━━━ SUPPLIED INFORMATION ━━━
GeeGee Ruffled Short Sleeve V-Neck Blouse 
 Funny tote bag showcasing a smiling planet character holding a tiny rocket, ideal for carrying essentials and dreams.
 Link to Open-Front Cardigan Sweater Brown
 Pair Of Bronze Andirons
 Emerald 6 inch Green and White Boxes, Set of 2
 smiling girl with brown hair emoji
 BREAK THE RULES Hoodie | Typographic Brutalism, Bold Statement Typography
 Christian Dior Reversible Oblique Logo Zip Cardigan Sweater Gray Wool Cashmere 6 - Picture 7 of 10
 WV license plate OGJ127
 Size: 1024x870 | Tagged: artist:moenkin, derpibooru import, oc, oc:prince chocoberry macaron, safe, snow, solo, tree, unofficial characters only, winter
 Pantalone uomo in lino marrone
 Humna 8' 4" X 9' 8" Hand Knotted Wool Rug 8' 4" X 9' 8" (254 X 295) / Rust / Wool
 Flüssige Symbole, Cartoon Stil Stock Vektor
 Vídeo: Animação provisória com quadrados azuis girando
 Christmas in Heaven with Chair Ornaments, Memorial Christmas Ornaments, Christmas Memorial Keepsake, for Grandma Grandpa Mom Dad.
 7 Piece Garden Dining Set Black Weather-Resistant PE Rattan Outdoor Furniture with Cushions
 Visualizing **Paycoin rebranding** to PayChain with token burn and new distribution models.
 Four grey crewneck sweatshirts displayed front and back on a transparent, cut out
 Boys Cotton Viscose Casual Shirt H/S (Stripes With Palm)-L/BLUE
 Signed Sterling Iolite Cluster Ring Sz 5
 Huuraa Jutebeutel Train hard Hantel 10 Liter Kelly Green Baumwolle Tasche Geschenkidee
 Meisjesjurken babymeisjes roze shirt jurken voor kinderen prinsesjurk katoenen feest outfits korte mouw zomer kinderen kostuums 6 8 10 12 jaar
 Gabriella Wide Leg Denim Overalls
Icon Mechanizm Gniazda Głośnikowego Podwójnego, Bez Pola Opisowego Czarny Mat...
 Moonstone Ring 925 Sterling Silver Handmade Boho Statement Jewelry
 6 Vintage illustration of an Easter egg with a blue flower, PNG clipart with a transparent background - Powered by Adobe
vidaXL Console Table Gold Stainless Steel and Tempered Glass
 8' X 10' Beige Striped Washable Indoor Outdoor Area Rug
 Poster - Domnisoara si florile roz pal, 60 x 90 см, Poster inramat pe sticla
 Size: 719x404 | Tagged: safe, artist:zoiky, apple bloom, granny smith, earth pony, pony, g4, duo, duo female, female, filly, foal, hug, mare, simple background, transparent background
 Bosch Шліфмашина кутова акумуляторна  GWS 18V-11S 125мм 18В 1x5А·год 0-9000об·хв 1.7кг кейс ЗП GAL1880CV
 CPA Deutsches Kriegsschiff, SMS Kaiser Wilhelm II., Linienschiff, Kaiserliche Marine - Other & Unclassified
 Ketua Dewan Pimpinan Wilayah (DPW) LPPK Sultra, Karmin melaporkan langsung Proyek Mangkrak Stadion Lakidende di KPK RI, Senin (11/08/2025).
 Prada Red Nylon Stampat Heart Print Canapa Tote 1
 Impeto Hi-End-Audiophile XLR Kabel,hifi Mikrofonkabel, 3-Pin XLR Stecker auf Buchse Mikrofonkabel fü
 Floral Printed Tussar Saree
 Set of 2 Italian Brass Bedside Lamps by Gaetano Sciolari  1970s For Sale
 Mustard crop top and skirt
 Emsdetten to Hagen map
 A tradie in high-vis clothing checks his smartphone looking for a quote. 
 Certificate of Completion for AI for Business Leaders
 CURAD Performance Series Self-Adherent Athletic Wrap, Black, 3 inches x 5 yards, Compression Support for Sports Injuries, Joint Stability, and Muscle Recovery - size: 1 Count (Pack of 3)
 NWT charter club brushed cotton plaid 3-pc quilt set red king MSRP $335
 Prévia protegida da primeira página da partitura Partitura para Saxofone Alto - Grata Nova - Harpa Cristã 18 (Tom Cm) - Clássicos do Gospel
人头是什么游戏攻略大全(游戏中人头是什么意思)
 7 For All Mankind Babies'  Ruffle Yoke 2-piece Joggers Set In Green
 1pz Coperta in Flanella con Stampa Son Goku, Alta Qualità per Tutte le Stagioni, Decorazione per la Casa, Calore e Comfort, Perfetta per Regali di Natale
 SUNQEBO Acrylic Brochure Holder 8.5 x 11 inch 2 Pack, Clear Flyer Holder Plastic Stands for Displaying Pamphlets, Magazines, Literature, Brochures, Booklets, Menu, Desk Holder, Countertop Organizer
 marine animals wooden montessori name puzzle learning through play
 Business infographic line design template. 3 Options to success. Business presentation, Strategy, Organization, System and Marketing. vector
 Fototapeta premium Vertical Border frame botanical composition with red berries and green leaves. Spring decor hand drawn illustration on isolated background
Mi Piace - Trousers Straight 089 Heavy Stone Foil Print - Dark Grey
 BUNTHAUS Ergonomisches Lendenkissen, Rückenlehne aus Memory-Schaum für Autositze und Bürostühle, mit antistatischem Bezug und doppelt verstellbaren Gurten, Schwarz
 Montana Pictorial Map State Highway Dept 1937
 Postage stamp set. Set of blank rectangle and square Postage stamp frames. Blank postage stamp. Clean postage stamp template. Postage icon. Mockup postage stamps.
━━━
**DESCRIPTION OF THE TASK**
Look through the entries above, and wherever a line holds the string "Wool", copy it.

**WRITTEN RESPONSE**
 Christian Dior Reversible Oblique Logo Zip Cardigan Sweater Gray Wool Cashmere 6 - Picture 7 of 10
 Humna 8' 4" X 9' 8" Hand Knotted Wool Rug 8' 4" X 9' 8" (254 X 295) / Rust / Wool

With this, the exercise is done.